THE DATA:
***
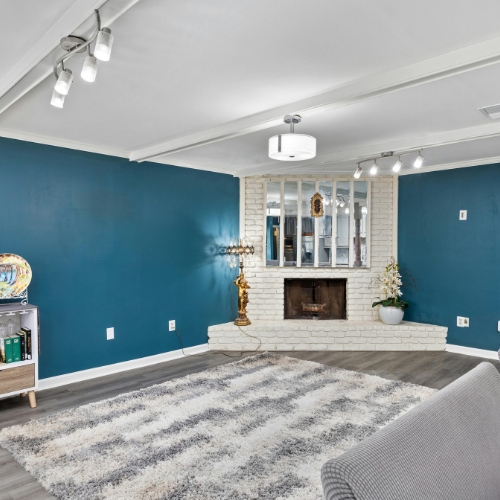 A living room with blue walls and a fireplace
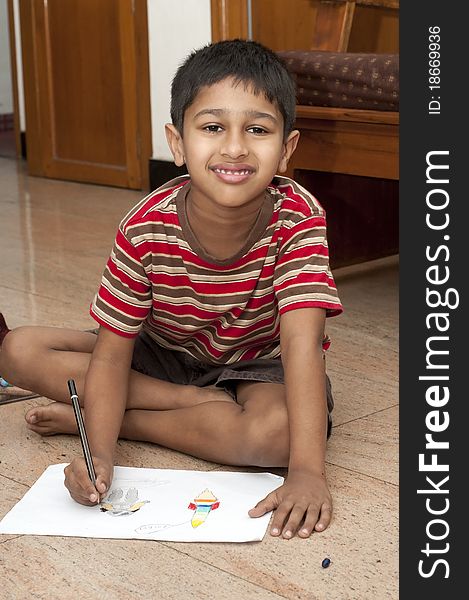 An handsome Indian kid doing his homework very happily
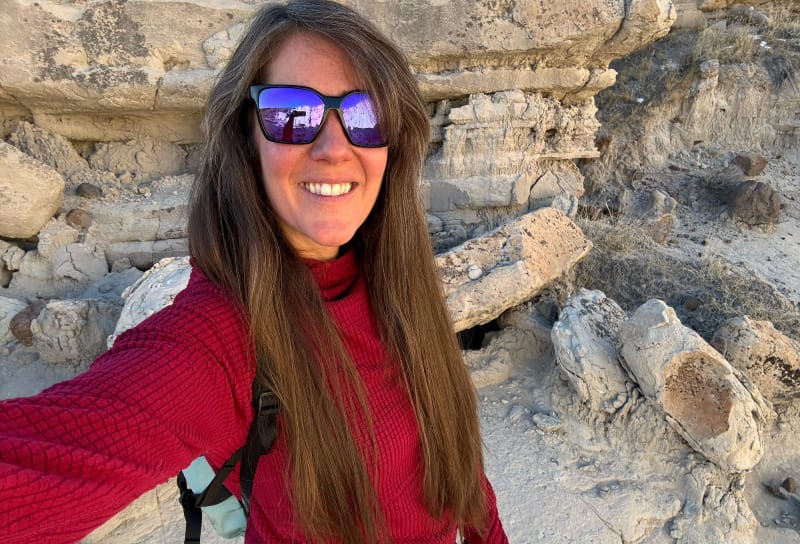 Woman smiling in a red fleece hiking shirt with a camera in a rocky desert landscape.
***
TO DO: Copy exactly, and only, the lines running from the one containing "An handsome Indian" through the final line of the data, and omit the pictures.

SOLUTION:
 An handsome Indian kid doing his homework very happily
 Woman smiling in a red fleece hiking shirt with a camera in a rocky desert landscape.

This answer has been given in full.